Change, whether it is in the way meat-producing animals are raised or the conditions in which hens lay their eggs, is likely to come slowly, said Peter Singer, a Princeton University bioethics professor.

“It is too soon to say if these moves will dramatically alter the way America is farming, but they are hopeful signs,” said Singer. “It is good that the market is responding to consumer demands.”

Smithfield Foods Inc., the nation’s largest pork producer, in January launched a 10-year transition plan to take its pigs out of the tiny stalls that are now the industry standard and put them in larger group pens.

MBA Poultry of Tecumseh, Neb., has scuttled the system, used by most processors, that electrically stuns chickens to render them unconscious prior to their slaughter. The system has a small rate of failure. But with billions of domestic chickens killed annually for food, critics said, that added up to millions of suffering birds.

The MBA slaughterhouse, which butchers about 15 million chickens annually, now uses a mix of oxygen and carbon dioxide to ensure that its birds are unconscious when killed.

But it’s not a concern for animal welfare that is leading Smithfield to change the way it operates 200 sow farms across the United States.

“The decision is based on business. This is what our customers are asking for,” said Dennis Treacy, a vice president at the Smithfield, Va., company.

Restaurants and large customers, including McDonald’s and grocery chains, asked if there were other ways to raise the animals, he said.

Whole Foods is trying to address the concerns of shoppers by posting its farm animal standards online.

Cattle and buffalo, for example, must live on the range for at least two-thirds of their lives. Calves raised for veal must be housed in groups, and restrictive tethering is prohibited. Lamb must be pasture-raised.

The Austin, Texas-based grocery chain is developing a third-party auditing system that will make sure that farms and slaughterhouses adhere to its rules. At its new London store, Whole Foods is experimenting with a five-level rating system for its meats that it plans to unveil in the U.S. later this year.

The “Benchmark” level, at the bottom end of the scale, will represent its current standard. The ratings will progress up to an “Animal Compassionate Gold Standard,” for meat processed according to the most stringent animal welfare and compassionate slaughter methods.

Fran Chamberlain, a Culver City graphics designer who describes herself as someone who likes to “eat with a conscience,” welcomes such a system. “I tried for a while to find sources of compassionate meat in the United States but I grew frustrated and gave up,” she said.

Miami-based Burger King, with 8,500 U.S. restaurants, was prompted to change its practices for purchasing eggs and pork by an outside committee on animal welfare.

It wants to buy 10% of its pork from growers who give their hogs more room.
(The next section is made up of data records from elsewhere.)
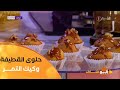 ألو شاف طريقة تحضير حلوة القطيفة وميني كايك بالتمر والجوز مع الشاف بشرى في عدد 14 اكتوبر 2025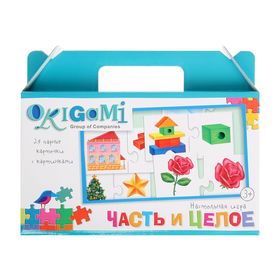 Настольная игра "Часть и целое" (174661) - Купить по цене от 46.88 руб ...
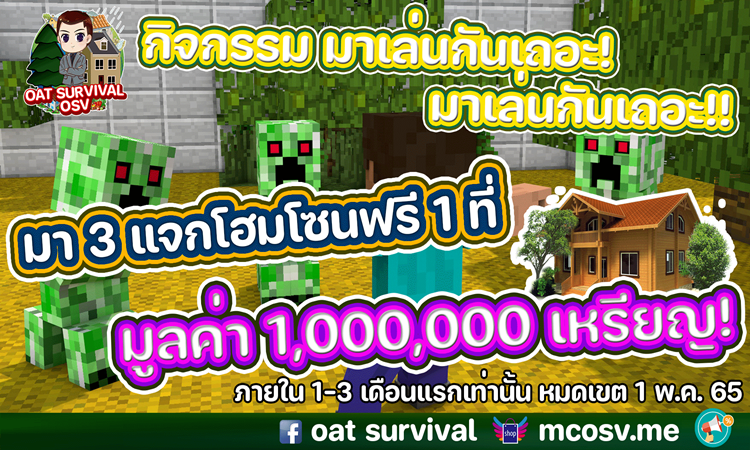 มา3แจกโฮมโซน.png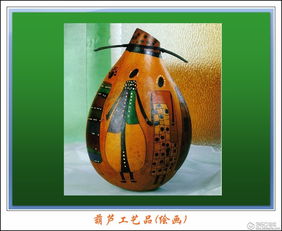 葫蘆畫韻 匠心獨(dú)運(yùn)的美術(shù)工藝品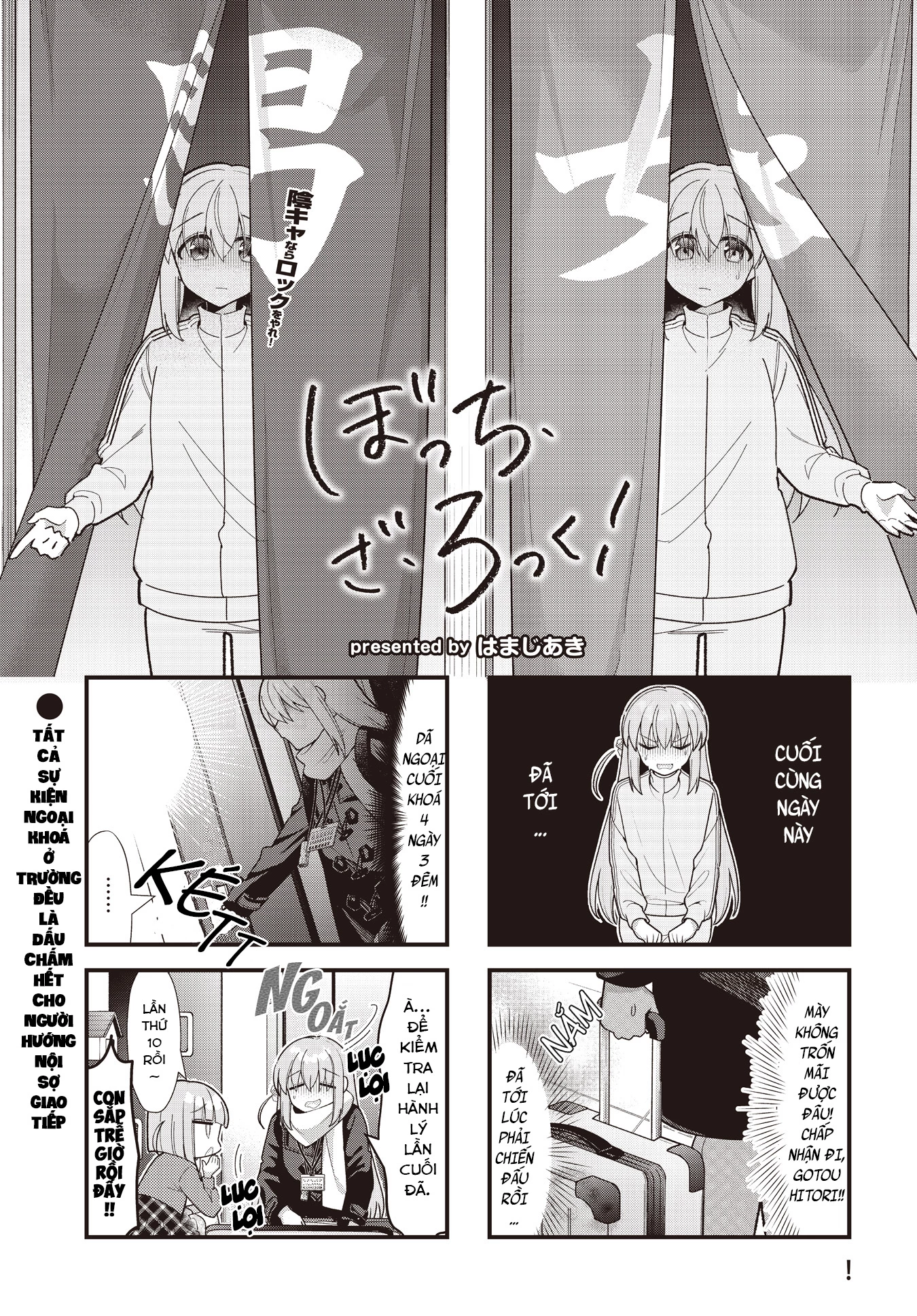 Bocchi The Rock! Chapter  71 - 1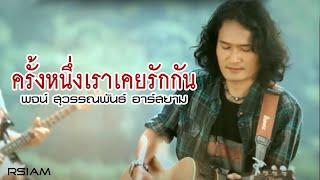 ครั้งหนึ่งเราเคยรักกัน - พจน์ สุวรรณพันธ์ อาร์สยาม Official MV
It also has begun to buy eggs from farms that raise cage-free hens. Most of the U.S. egg industry crowds hens into cages that give each animal a floor area about the size of a sheet of notebook paper.

Kay Johnson of the Animal Agriculture Alliance, an Arlington, Va., nonprofit group that represents farm industry interests, says these companies are reacting to animal-welfare activists rather than consumer sentiment.

But others consider such moves a major shift. “There is a real tidal wave of progress,” said Paul Shapiro of the Humane Society. “Animal welfare is reaching a tipping point.”